In a bid to design a suitable Revision Plan Excel Spreadsheet (just kidding; I am IT illiterate!) I have looked to strategies of yore for inspiration:
Got through these by learning revision guides by rote. Worked really well, particularly for ‘GCSE Short Course IT: In a Week’ (for irony, see prev. sentence). Unfortunately, they don’t do CGP guides in Smashing Practical Criticism, nor Being Really Flair (the two things that might see me surpass a Desmond).
The aforementioned Jess From Home and I spent 8 out of every 10 AS History classes with Now magazine slotted into our lever arch files, writing pros and cons lists for identifying ‘The One’ just in case they happened to walk into The Rifle Volunteer on an evening when the Police Community Support Officers were not checking IDs. All I remember about revision is paying homage to Snoop Lion (née Dogg) by persistently writing ‘Reformation of tha chuuuch’ at the top of every page of my notes. Incidentally, Jess graduated with a 1st in a full-on degree in History last year.
Exceptionally good weather during ‘Study Leave’ (halcyon days) saw a lot of al fresco deckchair learning, which worked well enough and also meant I had acquired a good base tan for our post-A Level Ladettes holiday to Bulgaria. Sadly, weatherpeople suggest that this year it shall still be snowing in June so I expect to turn up to Small Examinations Hall very pallid and slimy, like one of those albino geckos that live in caves. Vitamin D deficiency never got anyone good marks. God, Zeus. Pull your finger out.

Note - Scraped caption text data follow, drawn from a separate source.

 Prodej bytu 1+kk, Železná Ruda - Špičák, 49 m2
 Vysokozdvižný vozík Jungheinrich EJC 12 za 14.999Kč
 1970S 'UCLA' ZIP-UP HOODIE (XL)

N/A (My abiding memory is that I had a ploughman’s lunch afterwards. Later I was told that having “infringed the rubric” I had been docked ten marks from my original score. Oops.)
2nd year exams:
Did quite a bit of work, only went a bit mad a few times (fell off my bike whilst stationary at a red light; accidentally wore my cardigan in the ‘inside out’ style for DoS meeting).
Incredibly, the best approach to exams appears to do all the stuff recommended by Radio 1’s Aled, counterintuitive though it this may be: continue to socialise (text your best mate every time someone fit enters the West Room); eat sensibly (see: Ploughman’s Anecdote); get plenty of fresh air (but make sure you wear your helmet). This is so obvious it is embarrassing. A bit like telling someone to use a pen to write with and put one foot in front of the other when you walk.

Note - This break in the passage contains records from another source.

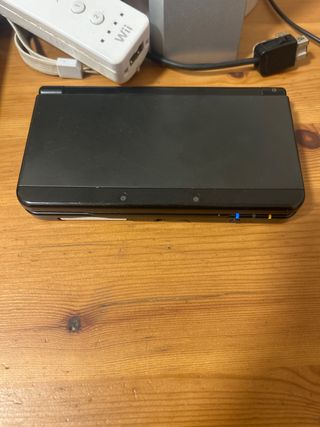 Nintendo 3DS Negra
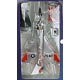 ダイキャスト完成品 1/72 F-102A デルタダガー “ケフラビック空軍基地”
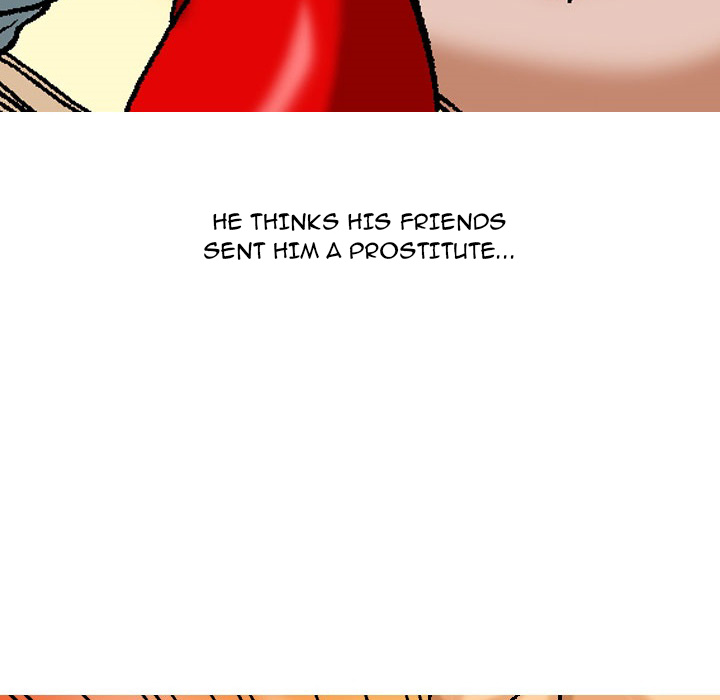 Read Turning Points chapter 19 image 8 on Lezhin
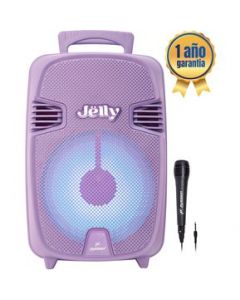 Bafle Recargable 8 Fussion PBS-8JELLY-PR Bluetooth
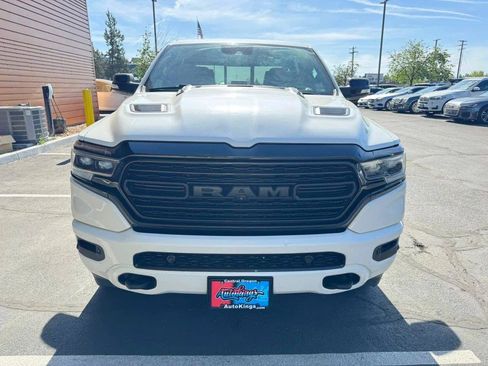 Used 2022 RAM 1500 Limited AWD/4WD image 8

In fact, I have come to the conclusion that the best way to think about exams is the same way one should consider the loss of one’s virginity.
In theory, it’s a big deal. In practice, it’s a big deal. Perhaps you have done some homework into the best way to approach it (Tip: aplomb. And a condom.) As soon as it’s over with, though, it might feel like a bit of an anti-climax. You might have tried your best, but have been let down by your nerves. You might have made a few clumsy mistakes. Your syntax might have been convoluted. You might now have RSI. As important as it felt in your head, realising the idea just left you a bit sweaty and tired, and regretting all the weeks/months/years spent worrying about what is essentially a test of basic jigsaw skills.
More important things soon dwarf that single event. For example, seeing Robert Webb from afar, or learning how to make microwave brownies. Or working out how to use Eduroam. This is one hundred times more useful than knowing three ways a polar bear is well adapted to its habitat in the arctic tundra.
Recently I have my mum has bought me three good pens and a multi-coloured scented highlighter. I have made a playlist called AWAKE, feat. both James Brown and The Saturdays. And the fount of all knowledge on all things profound and skateboard-related, Francis Boulle, is back on our screens. Finals, #i’mready (ish).